Corporate sponsors would be hardly enthused by the recent notification on the exemption from the EC Act for contract farming. Most of them using agricultural commodities as raw material do not want to store commodities on their own account. They instead use the services of traders to procure and store the commodity as warehousing is a specialised function in which they have no expertise. 
 
The Warehousing Regulatory and Development Authority Act, 2007 has also not been able to bring much of agriculture storage to registered warehouses. There are just about 1,485 registered warehouses in India, and Bihar, Jharkhand, Kerala, Odisha, Punjab and West Bengal etc. have less than ten WDRA-registered warehouses. Corporates and traders do not see much benefit in storing their produce in WDRA-registered warehouses as pledge finance from banks is available in un-registered warehouses also. 
 
Similarly, companies have not been very enthused by the state-level appellate authority proposed under the model Act.

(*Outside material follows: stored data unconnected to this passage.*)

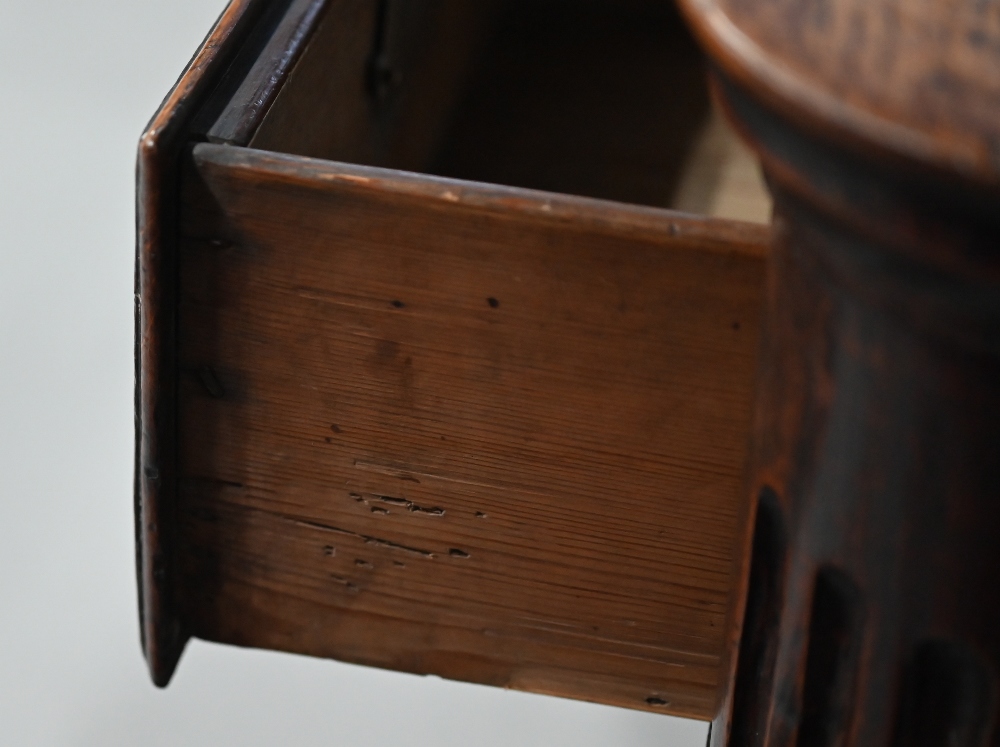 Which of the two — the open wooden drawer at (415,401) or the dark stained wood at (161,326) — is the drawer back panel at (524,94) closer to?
the open wooden drawer at (415,401)

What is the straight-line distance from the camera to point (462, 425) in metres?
0.92

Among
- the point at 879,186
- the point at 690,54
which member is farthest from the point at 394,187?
the point at 690,54

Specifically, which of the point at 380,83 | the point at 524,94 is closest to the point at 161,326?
the point at 380,83

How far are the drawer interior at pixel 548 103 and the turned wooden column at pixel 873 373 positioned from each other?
26.4 inches

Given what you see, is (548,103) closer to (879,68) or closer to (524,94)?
(524,94)

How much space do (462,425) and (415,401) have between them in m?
0.04

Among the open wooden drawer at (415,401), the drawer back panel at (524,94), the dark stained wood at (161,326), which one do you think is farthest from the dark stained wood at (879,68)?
the drawer back panel at (524,94)

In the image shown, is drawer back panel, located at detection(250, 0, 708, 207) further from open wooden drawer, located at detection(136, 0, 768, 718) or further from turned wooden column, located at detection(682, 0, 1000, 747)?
turned wooden column, located at detection(682, 0, 1000, 747)

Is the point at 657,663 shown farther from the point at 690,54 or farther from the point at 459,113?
the point at 690,54

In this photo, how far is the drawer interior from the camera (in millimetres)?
1265

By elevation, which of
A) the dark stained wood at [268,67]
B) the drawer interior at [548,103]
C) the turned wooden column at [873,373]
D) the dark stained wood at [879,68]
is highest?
the dark stained wood at [879,68]

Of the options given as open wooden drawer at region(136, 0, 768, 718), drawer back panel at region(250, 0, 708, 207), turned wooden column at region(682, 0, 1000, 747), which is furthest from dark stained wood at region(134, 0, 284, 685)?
→ turned wooden column at region(682, 0, 1000, 747)

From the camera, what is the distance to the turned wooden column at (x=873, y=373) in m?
0.41

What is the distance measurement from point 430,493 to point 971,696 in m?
0.46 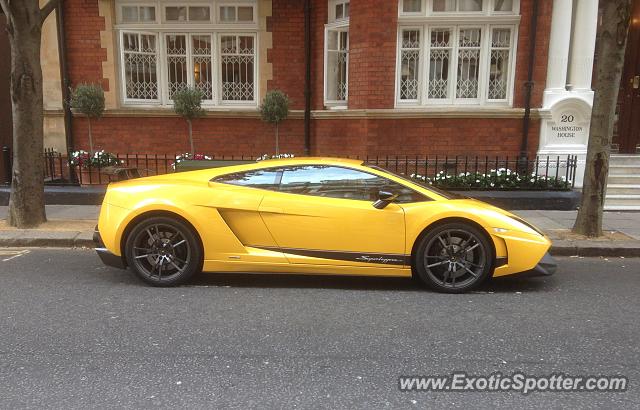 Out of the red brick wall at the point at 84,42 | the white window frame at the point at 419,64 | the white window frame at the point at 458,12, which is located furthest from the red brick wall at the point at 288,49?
the red brick wall at the point at 84,42

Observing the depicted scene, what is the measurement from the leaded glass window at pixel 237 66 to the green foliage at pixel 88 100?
2553 mm

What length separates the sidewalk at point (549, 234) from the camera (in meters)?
6.71

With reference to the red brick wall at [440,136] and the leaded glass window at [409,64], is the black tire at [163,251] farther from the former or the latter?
the leaded glass window at [409,64]

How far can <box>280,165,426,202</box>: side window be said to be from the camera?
198 inches

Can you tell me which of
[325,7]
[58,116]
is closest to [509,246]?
[325,7]

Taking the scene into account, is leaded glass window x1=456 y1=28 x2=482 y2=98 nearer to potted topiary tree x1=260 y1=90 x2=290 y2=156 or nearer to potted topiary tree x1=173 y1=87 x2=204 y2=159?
potted topiary tree x1=260 y1=90 x2=290 y2=156

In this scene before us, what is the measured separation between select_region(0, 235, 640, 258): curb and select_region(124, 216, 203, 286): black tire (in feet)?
7.10

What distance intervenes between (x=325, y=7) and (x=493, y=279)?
7.29 metres

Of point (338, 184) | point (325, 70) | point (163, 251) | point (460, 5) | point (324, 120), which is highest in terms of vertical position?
point (460, 5)

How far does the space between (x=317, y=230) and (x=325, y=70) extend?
6.62 m

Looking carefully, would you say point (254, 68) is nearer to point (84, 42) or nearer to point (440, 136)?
point (84, 42)

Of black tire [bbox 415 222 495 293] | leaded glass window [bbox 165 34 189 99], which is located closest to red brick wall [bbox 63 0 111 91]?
leaded glass window [bbox 165 34 189 99]

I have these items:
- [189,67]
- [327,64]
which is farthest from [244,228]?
[189,67]

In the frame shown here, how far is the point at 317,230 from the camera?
4.92 m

The appellate authorities of Income Tax, Excise and GST have hardly been examples of independent judgement on taxation. 
 
Even though data of fresh produce under contract farming procured by organised chains like Big Bazaar, Spencers, Reliance Fresh etc. from farmers is not available, media reports suggest that they procure most of the agriculture produce from mandis or traders at prevailing prices. 
 
Unlike milk, eggs and poultry, maintaining uniform quality of produce is much more difficult for agricultural produce. Small and marginal farmers are used to bringing their produce to mandis even if it does not meet fair average quality specifications.
 
In Punjab, the norms of moisture and foreign matter in paddy have been relaxed several times in the last ten years. Centre has not even been able to impose Food Safety and Standards Authority norms to crops procured from farmers at MSP. Private companies cannot be so accommodative of farmers who do not supply produce conforming to quality specifications agreed in the contract. 
 
It is clear that much more is needed to deliver better prices to farmers. It is possible that the Committee of Chief Ministers headed by the chief minister of Maharashtra will provide a road map for much-needed reforms in marketing. Till then, Mumbai can only wait for Delhi to turn its attention to the economy.